10 December 2012

This garden of love

We've been in our house for seven years now. I didn't like the garden when I moved in. It had plants I didn't like, and the back garden felt barren and small.

Our vegetable garden now.
As I walked out to the backyard today - a day of full, bright summer sunshine and fertile smells - I realised I have come to love our property. It is so cultivated and rich, and so ours.
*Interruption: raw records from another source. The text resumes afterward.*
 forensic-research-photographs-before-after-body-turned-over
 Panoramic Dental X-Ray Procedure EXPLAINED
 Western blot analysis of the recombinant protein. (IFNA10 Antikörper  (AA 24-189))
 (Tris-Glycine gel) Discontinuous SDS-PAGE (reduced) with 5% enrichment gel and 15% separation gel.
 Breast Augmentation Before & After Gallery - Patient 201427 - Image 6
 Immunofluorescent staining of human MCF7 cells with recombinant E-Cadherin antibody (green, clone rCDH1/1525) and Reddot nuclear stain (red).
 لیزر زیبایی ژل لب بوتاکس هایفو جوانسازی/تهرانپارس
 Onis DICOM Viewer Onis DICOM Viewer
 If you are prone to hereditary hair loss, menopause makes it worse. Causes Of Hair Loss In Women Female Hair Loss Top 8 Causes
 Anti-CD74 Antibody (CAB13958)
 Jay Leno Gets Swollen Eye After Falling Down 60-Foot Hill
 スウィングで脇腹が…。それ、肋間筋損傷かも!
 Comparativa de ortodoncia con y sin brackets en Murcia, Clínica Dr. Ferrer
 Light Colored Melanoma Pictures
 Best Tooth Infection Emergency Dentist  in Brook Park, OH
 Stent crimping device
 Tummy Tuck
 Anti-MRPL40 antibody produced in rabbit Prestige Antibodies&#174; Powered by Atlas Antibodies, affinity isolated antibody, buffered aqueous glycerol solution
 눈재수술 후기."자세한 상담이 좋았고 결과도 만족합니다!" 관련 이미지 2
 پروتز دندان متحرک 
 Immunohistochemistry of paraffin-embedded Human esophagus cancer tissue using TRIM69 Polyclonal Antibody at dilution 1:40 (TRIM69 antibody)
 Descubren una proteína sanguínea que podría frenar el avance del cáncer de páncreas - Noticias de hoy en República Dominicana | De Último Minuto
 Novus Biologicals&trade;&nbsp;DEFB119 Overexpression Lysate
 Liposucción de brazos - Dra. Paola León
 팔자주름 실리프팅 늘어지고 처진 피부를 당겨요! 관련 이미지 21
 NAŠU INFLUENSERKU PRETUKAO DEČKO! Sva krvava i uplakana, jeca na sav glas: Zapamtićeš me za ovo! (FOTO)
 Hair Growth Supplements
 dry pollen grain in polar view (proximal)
There's a huge crop of Hawera plums ripening. The tree was
a gorgeous mass of blossom in spring: the bees have worked hard.
Granny Smiths from one of our espaliered trees.
It's full of vegetables and fruit trees, a veritable food jungle in places. It's also well stocked with maturing native trees and plants. Although they take up more room than the barren bark-chipped garden that was once there, our backyard now seems full of life, character and colour. They give us privacy that was once non-existent, and house our chickens, who prefer to be under trees, being descended from jungle fowl.

Ignore the knickers. The native trees are behind. Hard to believe
that seven years ago there was just the odd straggly camellia along
this fenceline.
There is a hard-earned stack of wood waiting to keep us warm in winter, overlooked by a grapevine that we will feast on in February (although the arrival of the wood means that getting to the bunches at the back could be a challenge).


It's kind of wild...
Our self-seeded sunflower forest. When she goes off into her
happy, sing-song, imaginary world, Anna tells me fairies, elves
 and goblins live in here. They go to sleep about the same time
as the chickens, she says. The latter are very prompt at jumping
on their perch when the sun begins to set.
And there are good, healthy things to eat every way you look.



But mostly the thing I love about it is the way it has become our children's place of play and home, the place they're growing up, and a place they love. They've been inspired by our cat, clambering over fences and roofs, making up for the lack of tall trees by maximising the vertical structures we do have.


Even better, the neighbour has a large tree of ripening plums, one branch of which hangs over our shed roof. It's time to plunder! (With her permission, of course.) It's a rite of childhood, is it not?